Below are links to my somewhat recent reviews of Frank Darabont’s latest screenplays. I must say, Fahrenheit 451 was such a fabulous experience, probably the best read of the year so far for me, that the other scripts didn't quite measure up.
This brings to mind an interesting topic, something that all writers go through. What do you do when you write something everyone loves and then you follow up with scripts that don’t quite measure up? Everyone goes through this. Friends will tell you, “I liked this one, but it’s not as good as that last one you wrote.” There’s a mentality in the world, particularly Hollywood, that you’re only as good as your last script. Am I going to stop reading stories of friends and writers just because their last few scripts haven't been as good as some of their earlier successes?
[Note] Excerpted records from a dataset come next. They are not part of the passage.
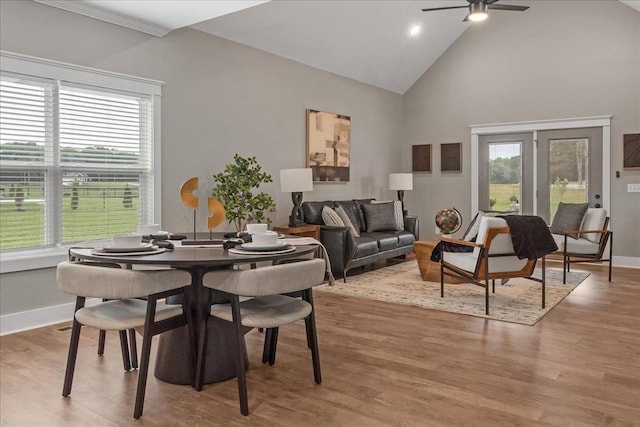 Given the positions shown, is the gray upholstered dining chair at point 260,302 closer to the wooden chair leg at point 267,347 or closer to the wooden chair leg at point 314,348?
the wooden chair leg at point 314,348

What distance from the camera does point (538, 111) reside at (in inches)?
309

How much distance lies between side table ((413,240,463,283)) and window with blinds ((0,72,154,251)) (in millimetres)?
3044

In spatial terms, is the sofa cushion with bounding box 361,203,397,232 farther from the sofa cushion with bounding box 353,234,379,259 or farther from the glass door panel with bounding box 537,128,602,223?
the glass door panel with bounding box 537,128,602,223

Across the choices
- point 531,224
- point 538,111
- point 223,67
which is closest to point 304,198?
point 223,67

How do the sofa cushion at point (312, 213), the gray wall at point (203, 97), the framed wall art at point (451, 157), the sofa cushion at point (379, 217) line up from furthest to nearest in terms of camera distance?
the framed wall art at point (451, 157), the sofa cushion at point (379, 217), the sofa cushion at point (312, 213), the gray wall at point (203, 97)

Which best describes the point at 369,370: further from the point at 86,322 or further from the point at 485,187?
the point at 485,187

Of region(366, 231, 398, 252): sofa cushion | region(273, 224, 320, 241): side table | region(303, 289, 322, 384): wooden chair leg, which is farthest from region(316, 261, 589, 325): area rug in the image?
region(303, 289, 322, 384): wooden chair leg

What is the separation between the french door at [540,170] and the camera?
7453 millimetres

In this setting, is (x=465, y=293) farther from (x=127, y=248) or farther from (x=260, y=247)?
(x=127, y=248)

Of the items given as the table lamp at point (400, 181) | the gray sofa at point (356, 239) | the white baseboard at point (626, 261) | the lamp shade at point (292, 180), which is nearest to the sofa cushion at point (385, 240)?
the gray sofa at point (356, 239)

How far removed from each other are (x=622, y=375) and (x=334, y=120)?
5362 mm

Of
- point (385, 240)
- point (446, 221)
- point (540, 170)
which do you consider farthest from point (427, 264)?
point (540, 170)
Perish the thought. We know better. Screenwriting is a long-term devotion to the craft. Stories aren't born great. They are shaped into greatness with a little help from our friends.
An inevitable part of life is that you will achieve varying levels of success and yes, that includes failure. So what do you do when this happens to you? You take the lumps and keep writing. You stay obsessively devoted to the craft. You find stories you’re passionate about and you apply everything you know about the craft to make each and every story you touch reach its fullest potential.
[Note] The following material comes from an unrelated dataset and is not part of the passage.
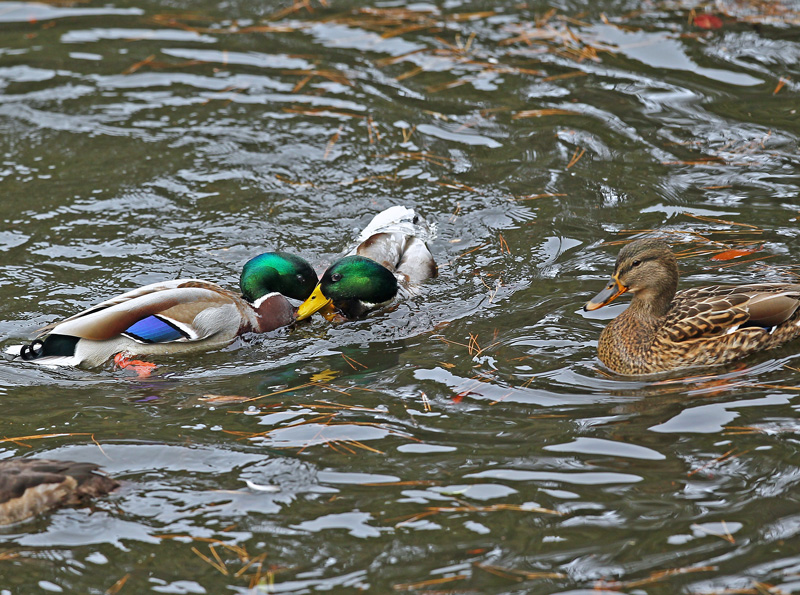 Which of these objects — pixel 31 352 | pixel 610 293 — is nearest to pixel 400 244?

There's also a lot to be learned from stories that don't quite work.
…this is easily the best script I’ve read so far this year. The handling of the story is right down the line everything I would’ve done had I landed this assignment. It’s everything I would want to see in an adaptation of the book. Every strength in the book that I listed at the beginning of the article is evident in the script.
…what bugs me about this story is that it has such potential for greatness and yet the filmmakers, which I’m sure includes a lot of interference from this bloated committee of producers, seems content to let this story flounder in the realm of marginally above grade B-movie thrills.
I can pinpoint where the story lost me. It lost me in the 80-page range. It really lost me in the 90-page range. Then it pulled me back somewhat with a thrilling car chase sequence. After that, I was just waiting for the predictable events to play themselves out. And then I was disappointed that those events played out as predictably as I thought.